Les événements tragiques du 12 janvier 2010 offrent au pays la chance de mettre sur pied un vrai programme économique de développement. Ce programme va au-delà du relogement des sinistrés ou de la reconstruction de bâtiments détruits, tâches qui peuvent aisément être confiées à des fondations. Il s’agit d’une alliance véritable débattue, réfléchie entre le fiscal et le monétaire en vue d’atteindre l’objectif prioritaire de croissance dans le contexte économique mondial et d’en définir les étapes. En effet, dans ce tumulte que connaît l’économie mondiale, les gestionnaires fiscaux d’Haïti ne peuvent ignorer, par exemple, la part de l’aide extérieure dans le fonctionnement au jour le jour de l’État haïtien. Le fiscal se doit d’avoir pour point de mire d’apprendre aux concitoyens à vivre de leurs ressources propres, en prévision d’une aide appelée à se tarir, donc une gestion dans l’économique des fonds de l’État avec réduction graduelle des avantages/dépenses criards.
En ce qui a trait à l’économie en général, l’une de mes dernières recherches a mis en évidence la portée limitée de l’aide extérieure sur l’économie haïtienne : il faut au moins trois ans pour que l’aide reçue ait un effet positif de 0, 4 % sur le produit intérieur brut (PIB). Par contre, un problème quelconque dans l’économie américaine se traduit au cours de la même année par un changement du PIB d’environ 5 %. D’où la nécessité d’être attentif à la vie économique de notre puissant voisin. C’est le rôle du monétaire. Il se doit aussi d’encourager le fiscal dans son approche de gestion efficiente par une politique accommodante seulement au cas par cas. La politique monétaire se devrait aussi de favoriser les exportations à venir, et un certain seuil de réserves de change va être nécessaire. Ce fonctionnement en symbiose entre le fiscal et le monétaire ne peut qu’être bénéfique au bien commun.

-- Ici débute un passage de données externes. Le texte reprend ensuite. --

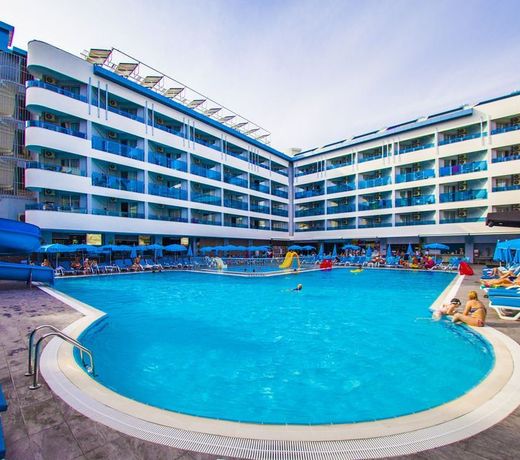 Avena Resort & Spa Hotel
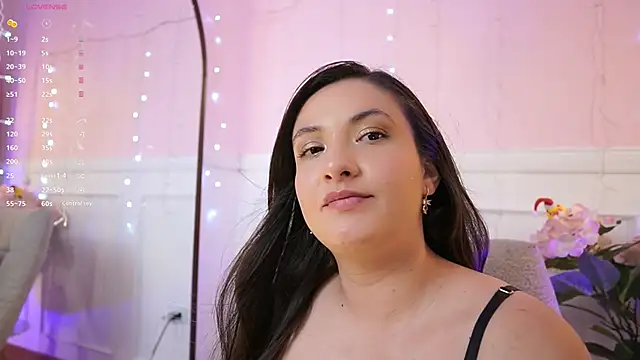 EvaCollin online show from 12-15-25, 11:42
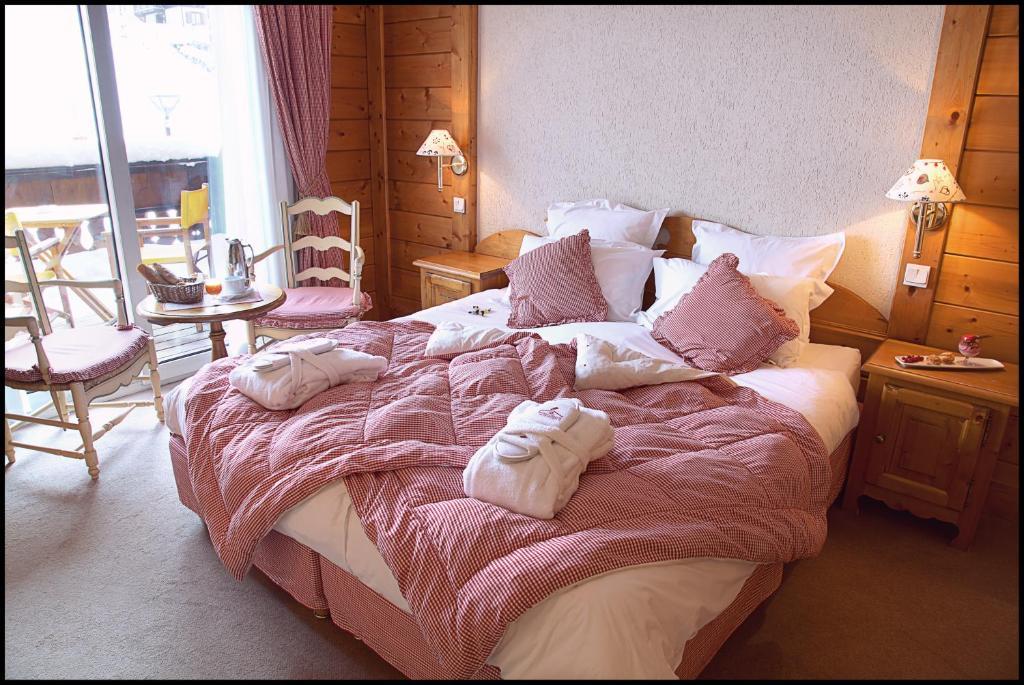 Chalet-Hotel La Marmotte, La Tapiaz & Spa, The Originals Relais Les Gets Ruang foto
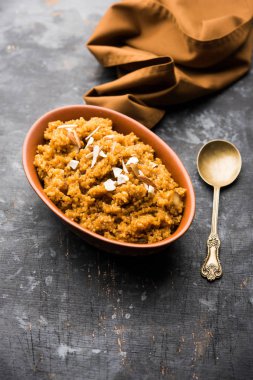 Buğday Laapsi / Lapsi / Shira / Halwa fındık, kuru üzüm ve kurutulmuş meyve ile birlikte kırık buğday veya Daliya adet ve ghee yapılmış bir Hint tatlı yemektir. Sağlıklı bir yiyecek. bir kase, seçici odak hizmet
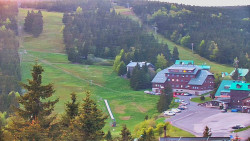 Panorama Jižní svahy, Hotel, Nástup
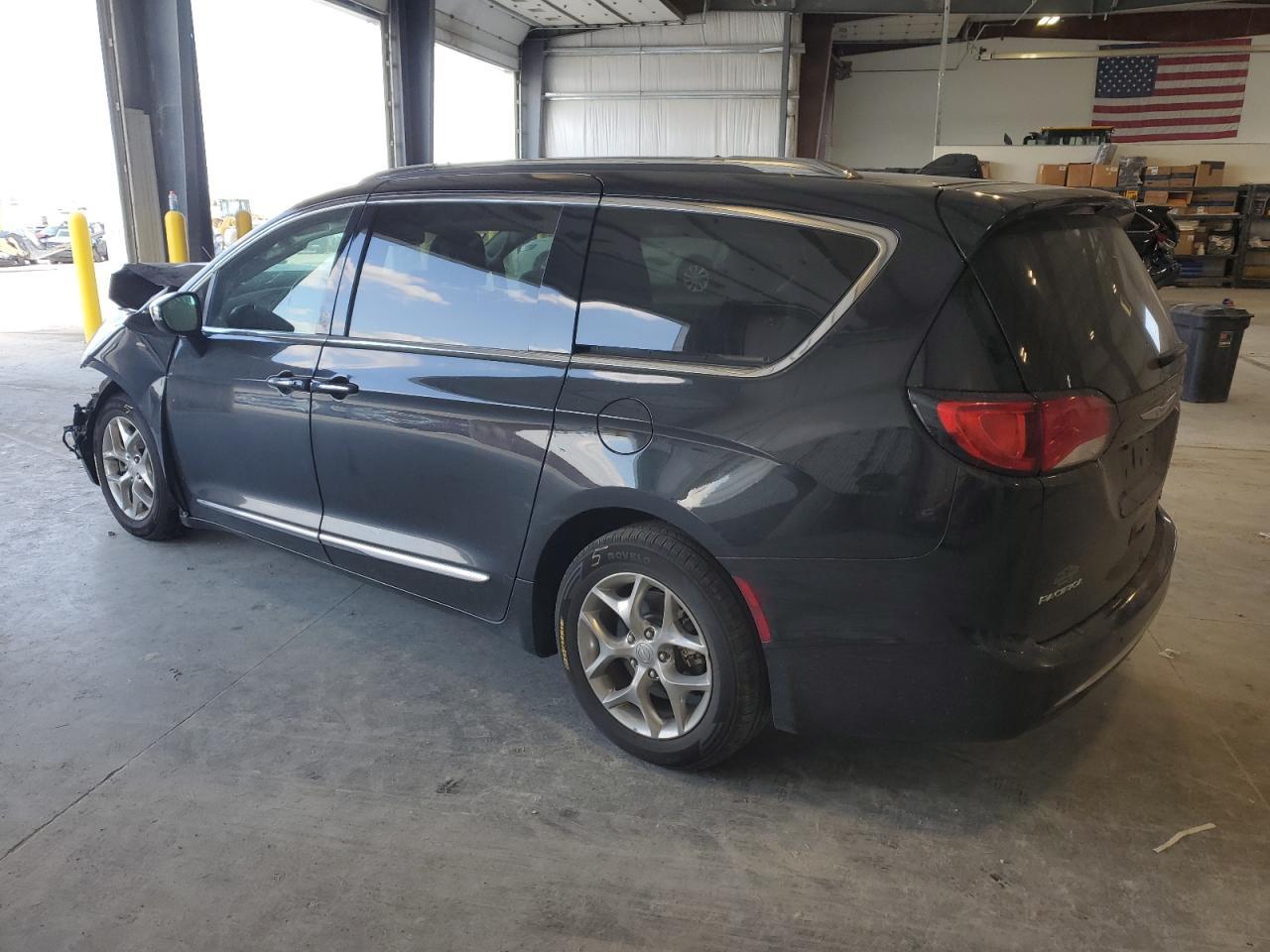 2018 Chrysler Pacifica Limited - Image 2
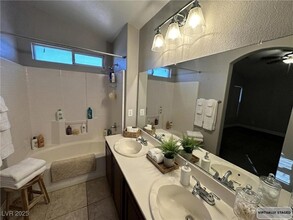 10402 Melon Cactus St in Las Vegas, NV - Building Photo - Building Photo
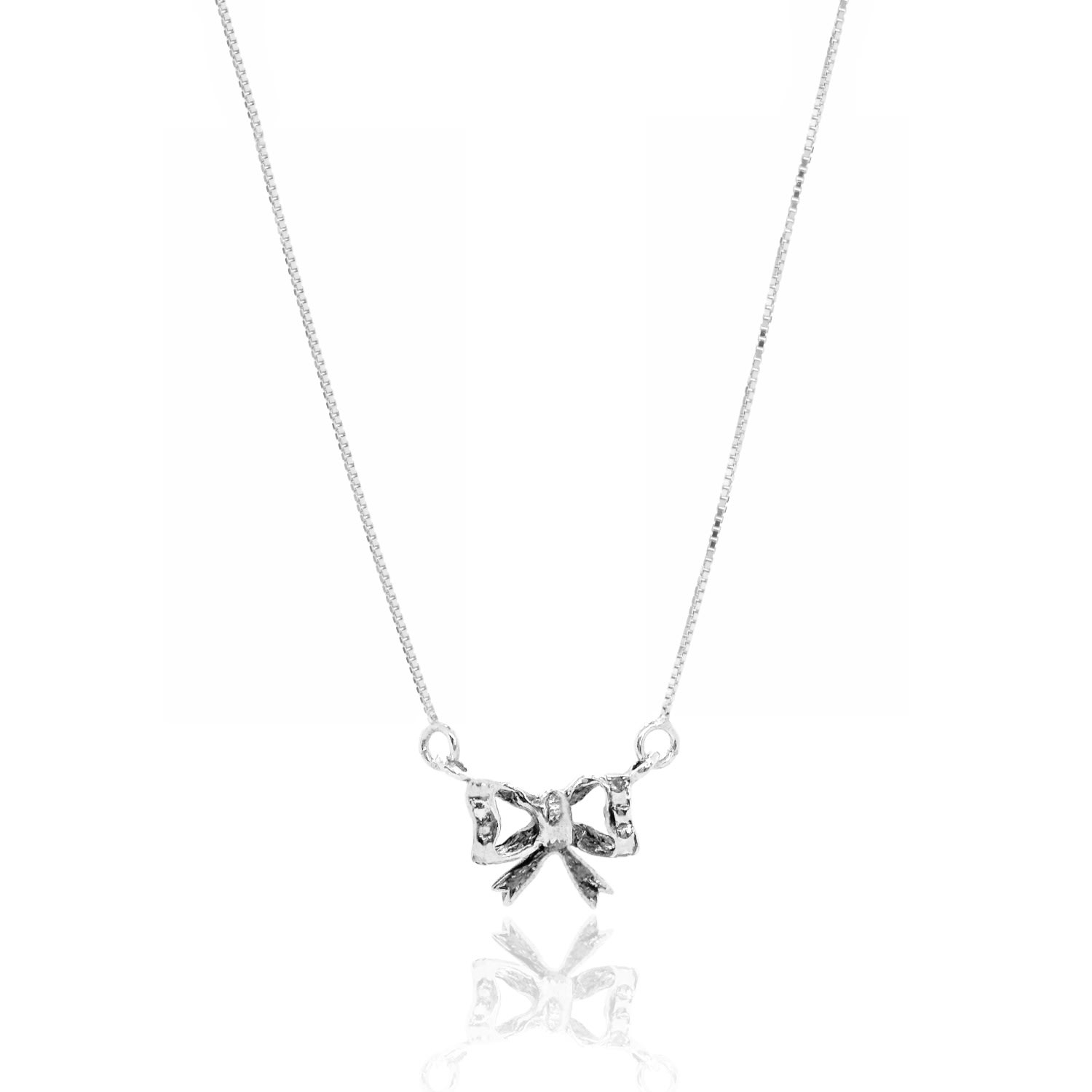 Unaloe Women's Silver Bow Necklace With Segmented Details
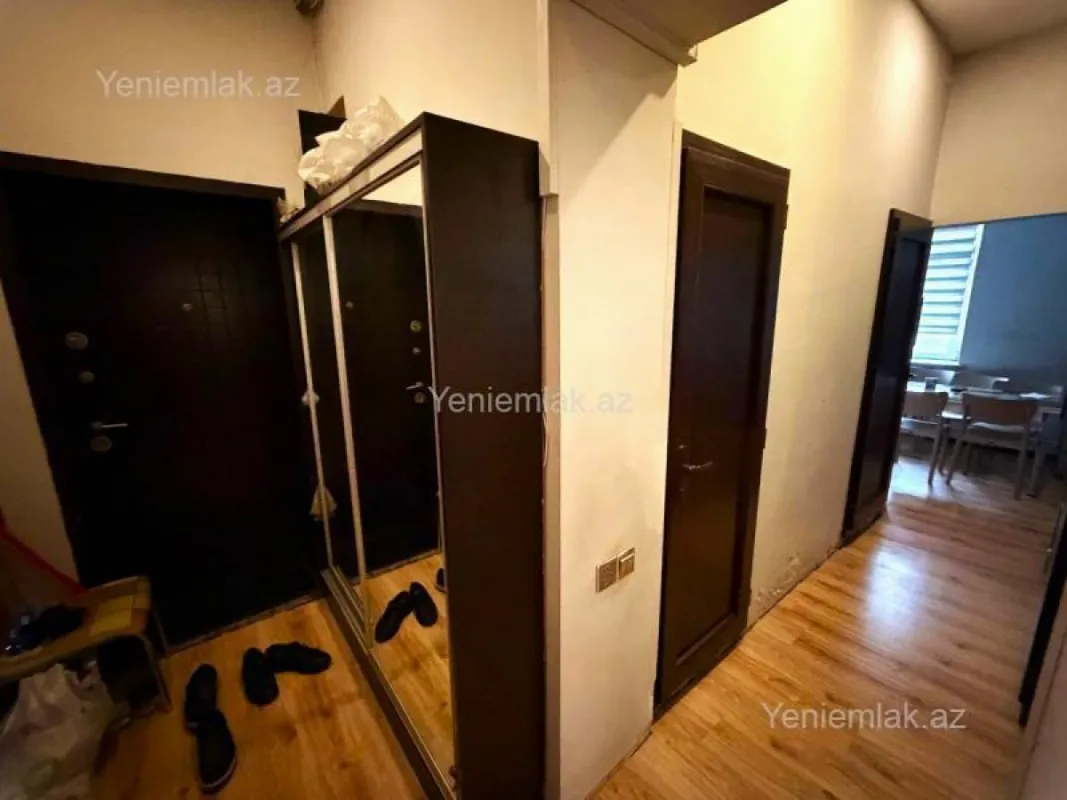 Satılır 3 otaqlı köhnə tikili 90 m²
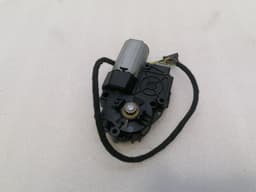 MERCEDES-BENZ Mercedes CL W216 Sun Roof Engine A2168200042 Sunroof Motor — thumbnail 1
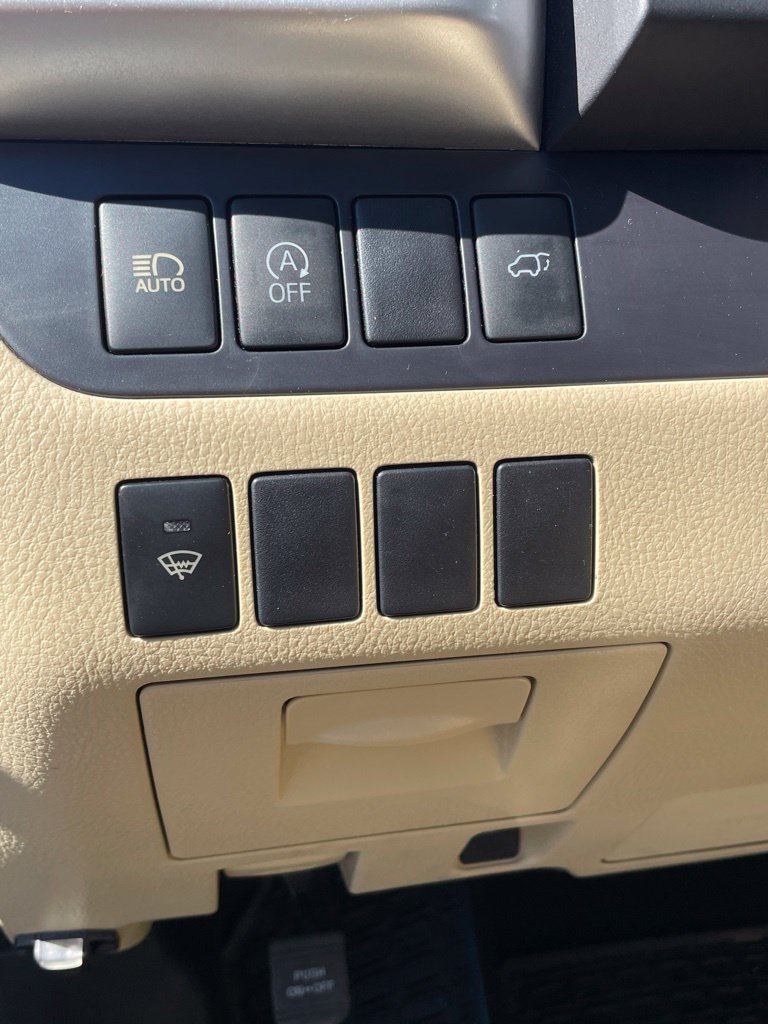Used 2017 Toyota Highlander Plus FWD image 12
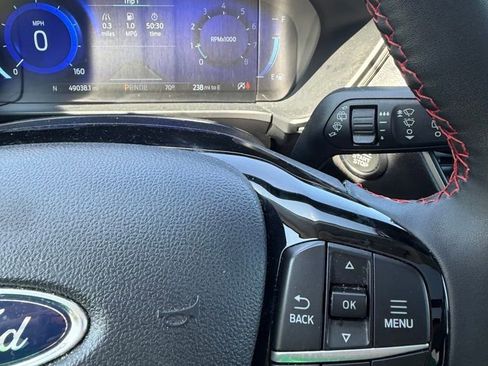 Used 2022 Ford Escape SEL w/ SEL Stealth AWD Package image 18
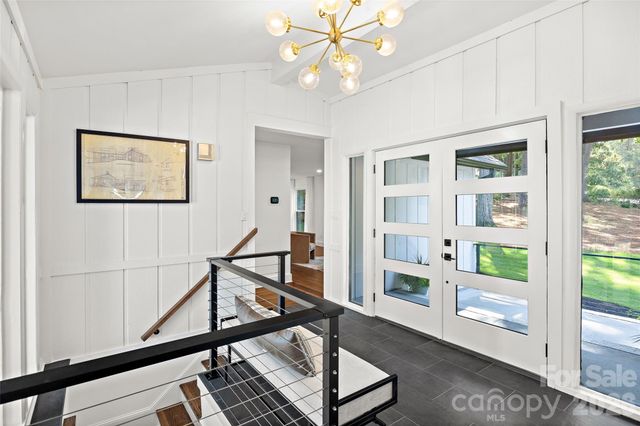 2600 Vardall Court, Charlotte, NC 28226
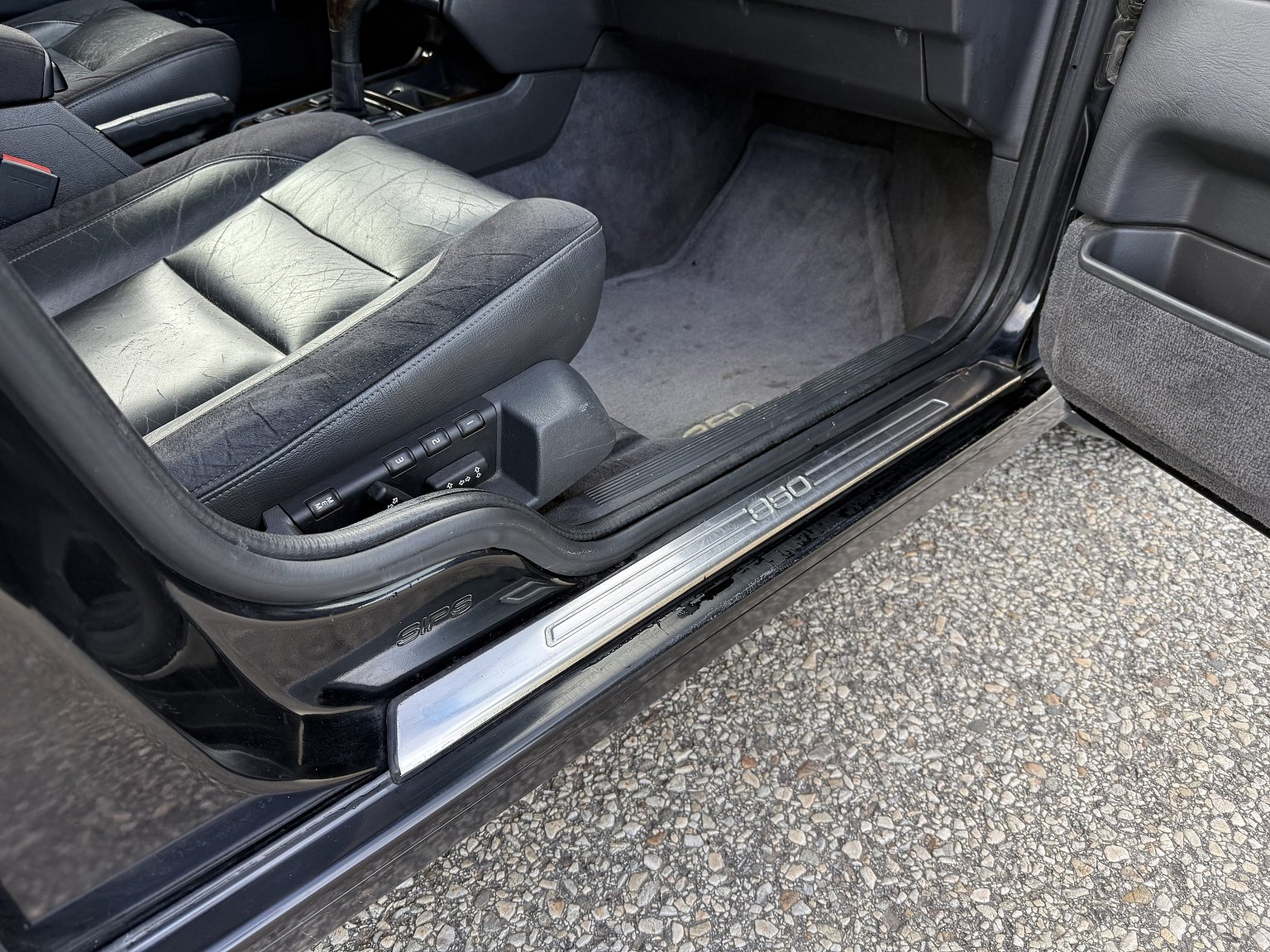 Interior image of 1995 VOLVO 855 T5R T-5R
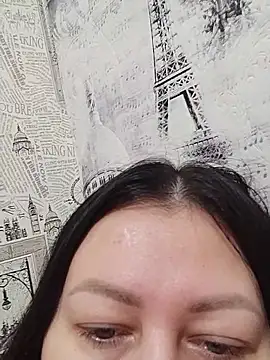 Snapshot of Rini333 chatting on January 2025 08:29:01 AM Rini333 online show from January 2025 08:29:01 AM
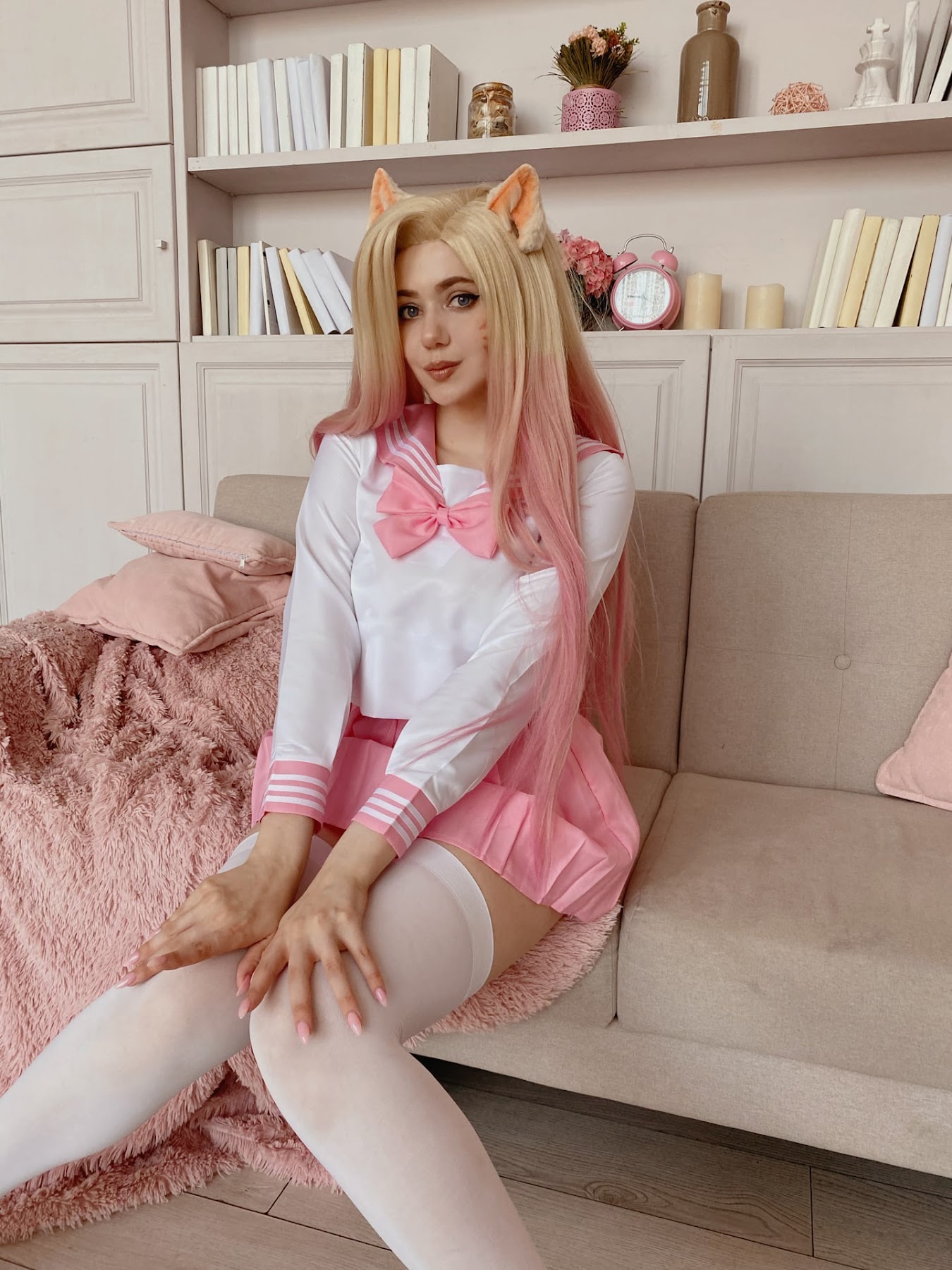 Coser@Alina Becker – Ahri Schoolgirl - P62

Les compatriotes de la diaspora et les prestigieux amis étrangers qui veulent le vrai décollage de ce pays nous seraient reconnaissants d’avoir une ligne directrice connue, sensée, qu’ils seraient heureux de suivre.

Kathleen Dorsainvil
Docteur en économie
http://www.lematinhaiti.com/contenu.php?idtexte=25419&idtypetexte=

Commentaire
Les questions de l’économiste Kathleen Dorsainvil sont extrêmement importantes d'autant qu'elles touchent un point névralgique de notre économie, l'aide internationale. En effet compte tenu des graves problèmes confrontés par l’économie américaine, peut-on continuer à miser sur cette frange de l'aide comme si elle était éternelle? Et même quand elle le serait, est-ce qu'il ne conviendrait pas, quelle que soit la situation (dignité oblige!) de travailler à acquérir son autonomie comme tout pays qui se respecte? Il y a donc une tache sérieuse qui attend les membres de ce nouveau gouvernement qui, certainement auront à travailler de concert avec les membres de la CIRH. Que le parlement en prenne conscience et aide à résoudre le premier problème qui est le choix d'un nouveau gouvernement, plutôt que de le compliquer - comme il l'a fait jusqu'à présent!